What is the point of taking off our clothes?
Well… to put new clothes on. Duh!
Why don’t we just wear the same clothes every day?
Well… because that is gross and unhygienic.
It seems so dumb to explain it this way, but we get naked to get clean and change in to clean clothes. We wear a myriad of different garments, because sometimes the clothes we have on get dirty. I know… you thought it was because Capitalism told you that you needed to have BOGO shirts that are marked-up because they have a company’s personal logo (or is it, “billboard”?) written on it. But you have a closet full of clothes, because sometimes you have to take old clothes off and put new ones on.
I was doing some research in Colossians and reached a point in chapter 3 where Paul was telling the Gentile Christians to “put off” their old selves and “put on” their new selves. Paul focused on telling the believers not to partake in sexual sins specifically (Col 3:5) and sins of speech (Col 3:8). He said that by believing in Christ, they had taken off their old selves and had put on themselves a new self which was in the image of its creator – an image similar to Adam before the Fall (Gen 1:26-28).
I think the church has focused too much on taking off the old self and has forgotten about putting on a new self.
And people are just living life confused in their birthday suits.
All I hear from Christians is everything every person is doing wrong. Secular music is doing this, or public school is doing that. They forget to tell people the things they should be doing instead. They don’t notice the good things that some people are already doing either.
Paul here in Colossians 3:5, 10, and 12 specifically uses words that are associated with putting on and off clothing. Imagine the believers, after accepting Christ, stripping all the dirty and putrid clothes that once represented who they were. Cool. Their slate is clean. But if they would have stopped there, then they would be naked – spiritually in the buff. They needed to put on themselves clothes that marked what they were as believers – clean clothes like those of their Creator.

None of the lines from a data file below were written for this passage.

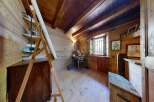 Step into this charming artist's studio, a haven of creativity and inspiration.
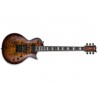 LTD EC-1000 Evertune DBSB Dark Brown Sunburst - gitara elektryczna - 2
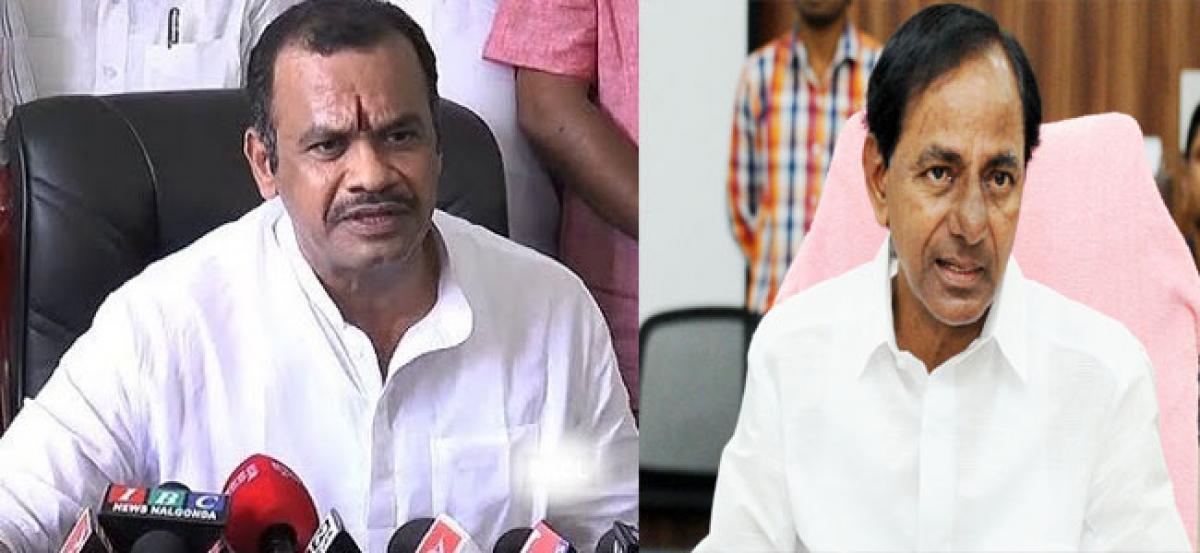 Komatireddy Venkat Reddy confident of defeating KCR from Gajwel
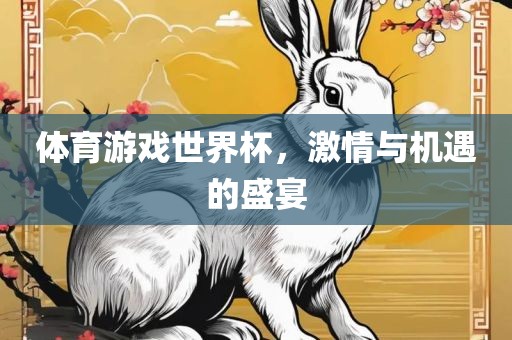 体育游戏世界杯，激情与机遇的盛宴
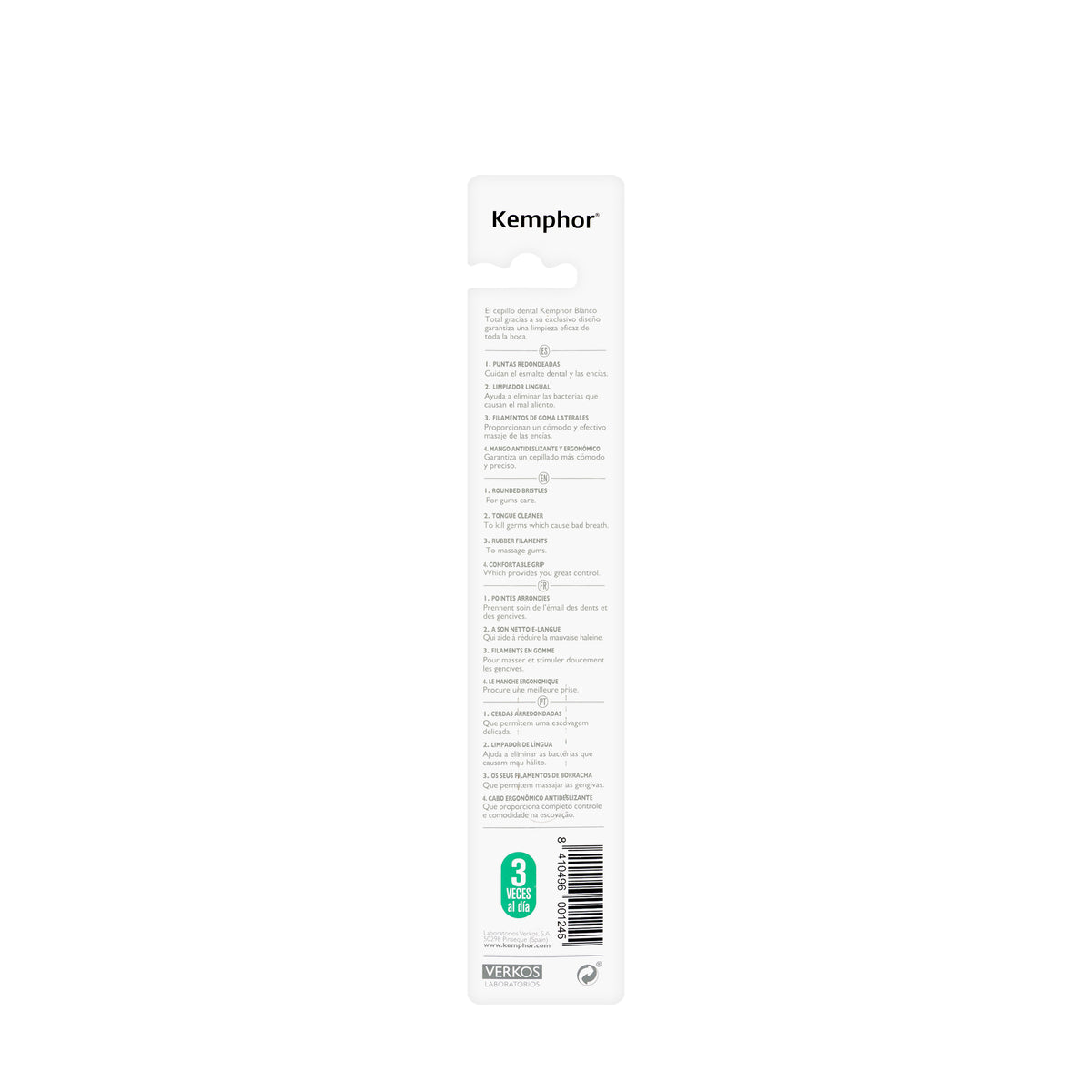 Kemphor Medium Toothbrush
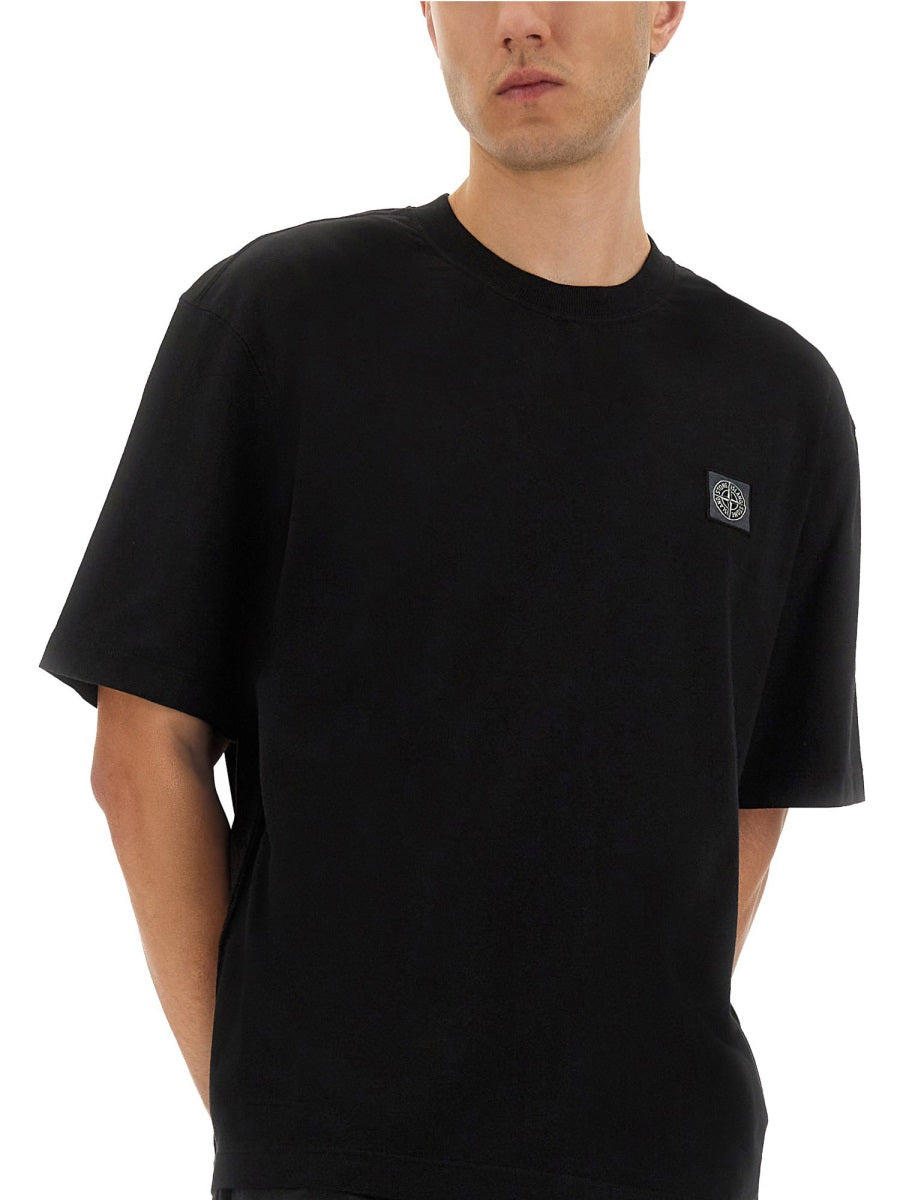 Stone Island T shirt - Nero | Wanan Luxury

Now some would think that Paul would go on to explain personal characteristics that the believers needed to have to be holy. But Paul calls them holy before he tells them what they needed to do!!! Their holiness was not measured by what they did; it was a status of who they were now as God’s chosen people. These virtues are considered an application of their holy standing before God. These virtues don’t make them holy! “Put on then, as God’s chosen ones, holy and beloved, compassionate hearts, kindness, humility, meekness, and patience…”

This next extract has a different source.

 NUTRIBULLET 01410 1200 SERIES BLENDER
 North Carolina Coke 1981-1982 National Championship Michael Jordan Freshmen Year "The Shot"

Also, Paul did not encourage virtues to the Colossians that could be attained by one person alone. Paul shared virtues that could only be shared within a community – compassion, kindness, humility, meekness, and patience. These are things that each individual had to work on within them selves but for the sake of the community. Paul then shifts to how the community has to act together – with forgiveness, love, in peace and with thanksgiving.

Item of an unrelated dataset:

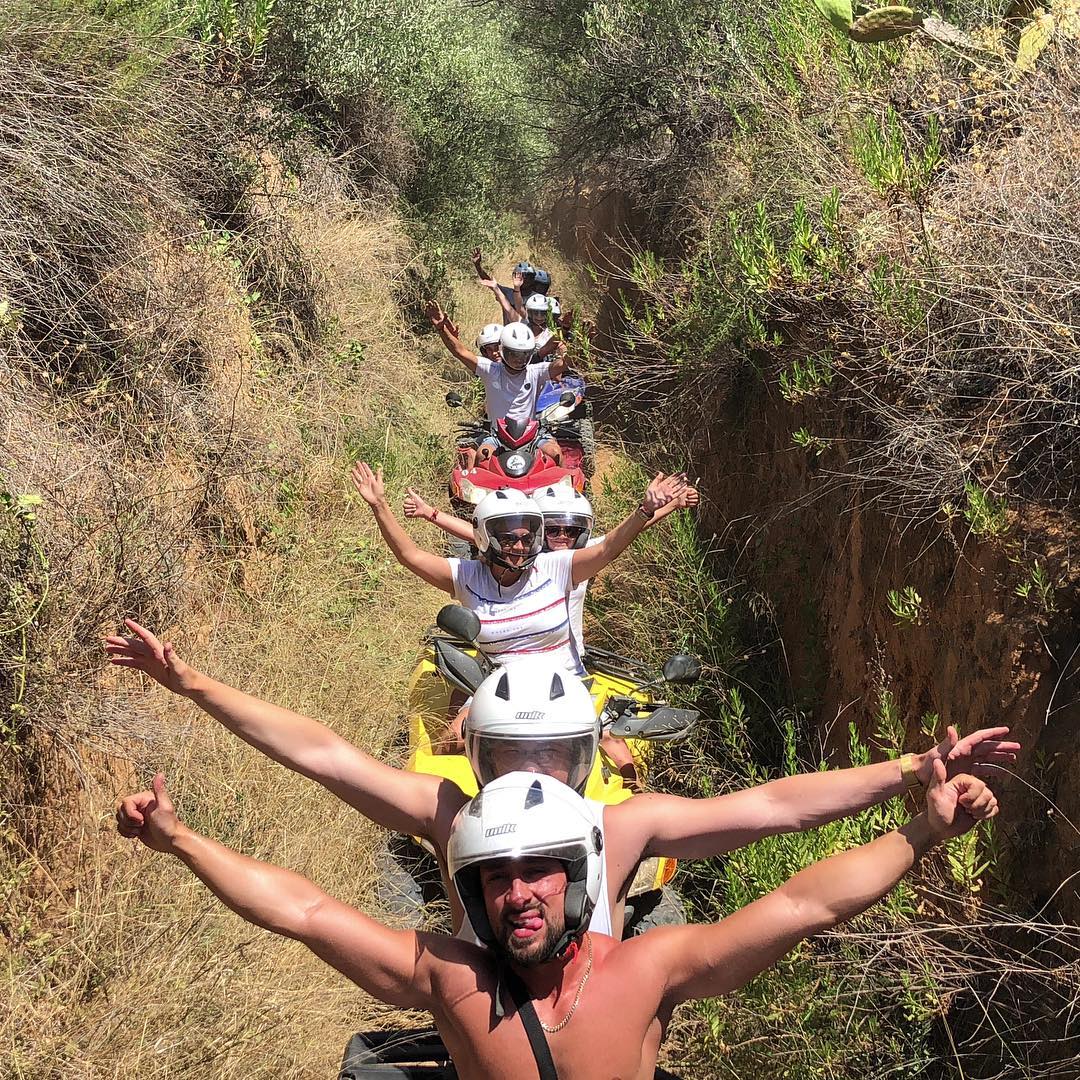 ruta de 3 horas: "aventura extrema"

I see so many people judge others for all the wrong that they are doing, when they themselves aren’t doing any good.
They just aren’t doing anything evil.
And that just makes them naked:
A truly indecent exposure.
Sometimes we can get so focused on working on ourselves that we become hermits and forget that Christianity isn’t for ourselves. It is for others – receiving reconciliation and being a part of that reconciliation to the world (Col 1:20-23)! The only vice in Colossians 3:5 that wasn’t sexual in nature was about self-centeredness – which was then called, “idolatry.” Don’t live for yourself.
Don’t make an idol of yourself.
Live for others. Don’t just strip yourself of all the bad in your life, but embrace the good. Put on a new change of clothes! Reach out to others. Love binds all virtues together (Col 3:14). It binds all people together. And it is contagious! You can’t live for God if you are not living for others – in your house, in your church, in your community.
For the sake of us all, will you put on some clothes?